» WHAT IS REQUIRED
Give an exact copy of every entry.

[Entries taken from a collection]
● ● ●
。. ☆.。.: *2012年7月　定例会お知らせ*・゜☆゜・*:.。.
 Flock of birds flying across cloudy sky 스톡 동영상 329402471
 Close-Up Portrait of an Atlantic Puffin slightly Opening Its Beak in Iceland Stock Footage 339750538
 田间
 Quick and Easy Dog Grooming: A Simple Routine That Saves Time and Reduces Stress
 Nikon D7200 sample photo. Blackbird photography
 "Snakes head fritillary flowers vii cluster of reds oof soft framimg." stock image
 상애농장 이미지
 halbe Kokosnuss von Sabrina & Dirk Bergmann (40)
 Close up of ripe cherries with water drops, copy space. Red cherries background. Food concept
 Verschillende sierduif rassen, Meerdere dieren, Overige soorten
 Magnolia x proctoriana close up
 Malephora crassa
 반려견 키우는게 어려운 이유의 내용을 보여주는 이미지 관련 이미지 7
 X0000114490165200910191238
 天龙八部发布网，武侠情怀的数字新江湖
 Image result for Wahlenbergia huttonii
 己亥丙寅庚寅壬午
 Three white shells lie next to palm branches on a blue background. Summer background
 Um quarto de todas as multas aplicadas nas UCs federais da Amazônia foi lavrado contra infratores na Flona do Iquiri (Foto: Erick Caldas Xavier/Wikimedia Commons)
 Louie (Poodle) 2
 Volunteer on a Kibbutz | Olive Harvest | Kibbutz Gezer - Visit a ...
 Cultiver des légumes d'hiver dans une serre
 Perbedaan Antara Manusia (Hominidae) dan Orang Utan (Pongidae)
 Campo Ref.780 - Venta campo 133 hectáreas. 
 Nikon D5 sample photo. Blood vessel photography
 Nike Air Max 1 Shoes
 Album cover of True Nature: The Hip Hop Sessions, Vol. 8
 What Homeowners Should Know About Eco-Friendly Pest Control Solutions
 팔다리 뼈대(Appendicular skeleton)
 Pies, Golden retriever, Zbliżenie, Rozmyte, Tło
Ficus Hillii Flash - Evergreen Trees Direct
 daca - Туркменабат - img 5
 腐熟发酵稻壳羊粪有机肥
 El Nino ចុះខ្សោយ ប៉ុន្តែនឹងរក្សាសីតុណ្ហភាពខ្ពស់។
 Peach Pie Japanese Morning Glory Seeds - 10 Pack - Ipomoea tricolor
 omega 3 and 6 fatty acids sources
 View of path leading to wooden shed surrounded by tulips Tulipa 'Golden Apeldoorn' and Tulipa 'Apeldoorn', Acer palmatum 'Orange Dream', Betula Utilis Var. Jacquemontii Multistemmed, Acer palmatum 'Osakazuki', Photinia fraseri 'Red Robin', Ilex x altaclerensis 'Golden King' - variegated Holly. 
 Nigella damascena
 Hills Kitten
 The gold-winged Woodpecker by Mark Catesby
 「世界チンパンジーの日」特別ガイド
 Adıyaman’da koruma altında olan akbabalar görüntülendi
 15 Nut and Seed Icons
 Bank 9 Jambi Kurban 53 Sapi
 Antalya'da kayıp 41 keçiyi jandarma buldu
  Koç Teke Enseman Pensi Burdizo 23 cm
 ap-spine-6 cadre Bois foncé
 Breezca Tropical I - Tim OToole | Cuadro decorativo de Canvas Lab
● ● ●
» TASK OUTPUT
。. ☆.。.: *2012年7月　定例会お知らせ*・゜☆゜・*:.。.
 Flock of birds flying across cloudy sky 스톡 동영상 329402471
 Close-Up Portrait of an Atlantic Puffin slightly Opening Its Beak in Iceland Stock Footage 339750538
 田间
 Quick and Easy Dog Grooming: A Simple Routine That Saves Time and Reduces Stress
 Nikon D7200 sample photo. Blackbird photography
 "Snakes head fritillary flowers vii cluster of reds oof soft framimg." stock image
 상애농장 이미지
 halbe Kokosnuss von Sabrina & Dirk Bergmann (40)
 Close up of ripe cherries with water drops, copy space. Red cherries background. Food concept
 Verschillende sierduif rassen, Meerdere dieren, Overige soorten
 Magnolia x proctoriana close up
 Malephora crassa
 반려견 키우는게 어려운 이유의 내용을 보여주는 이미지 관련 이미지 7
 X0000114490165200910191238
 天龙八部发布网，武侠情怀的数字新江湖
 Image result for Wahlenbergia huttonii
 己亥丙寅庚寅壬午
 Three white shells lie next to palm branches on a blue background. Summer background
 Um quarto de todas as multas aplicadas nas UCs federais da Amazônia foi lavrado contra infratores na Flona do Iquiri (Foto: Erick Caldas Xavier/Wikimedia Commons)
 Louie (Poodle) 2
 Volunteer on a Kibbutz | Olive Harvest | Kibbutz Gezer - Visit a ...
 Cultiver des légumes d'hiver dans une serre
 Perbedaan Antara Manusia (Hominidae) dan Orang Utan (Pongidae)
 Campo Ref.780 - Venta campo 133 hectáreas. 
 Nikon D5 sample photo. Blood vessel photography
 Nike Air Max 1 Shoes
 Album cover of True Nature: The Hip Hop Sessions, Vol. 8
 What Homeowners Should Know About Eco-Friendly Pest Control Solutions
 팔다리 뼈대(Appendicular skeleton)
 Pies, Golden retriever, Zbliżenie, Rozmyte, Tło
Ficus Hillii Flash - Evergreen Trees Direct
 daca - Туркменабат - img 5
 腐熟发酵稻壳羊粪有机肥
 El Nino ចុះខ្សោយ ប៉ុន្តែនឹងរក្សាសីតុណ្ហភាពខ្ពស់។
 Peach Pie Japanese Morning Glory Seeds - 10 Pack - Ipomoea tricolor
 omega 3 and 6 fatty acids sources
 View of path leading to wooden shed surrounded by tulips Tulipa 'Golden Apeldoorn' and Tulipa 'Apeldoorn', Acer palmatum 'Orange Dream', Betula Utilis Var. Jacquemontii Multistemmed, Acer palmatum 'Osakazuki', Photinia fraseri 'Red Robin', Ilex x altaclerensis 'Golden King' - variegated Holly. 
 Nigella damascena
 Hills Kitten
 The gold-winged Woodpecker by Mark Catesby
 「世界チンパンジーの日」特別ガイド
 Adıyaman’da koruma altında olan akbabalar görüntülendi
 15 Nut and Seed Icons
 Bank 9 Jambi Kurban 53 Sapi
 Antalya'da kayıp 41 keçiyi jandarma buldu
  Koç Teke Enseman Pensi Burdizo 23 cm
 ap-spine-6 cadre Bois foncé
 Breezca Tropical I - Tim OToole | Cuadro decorativo de Canvas Lab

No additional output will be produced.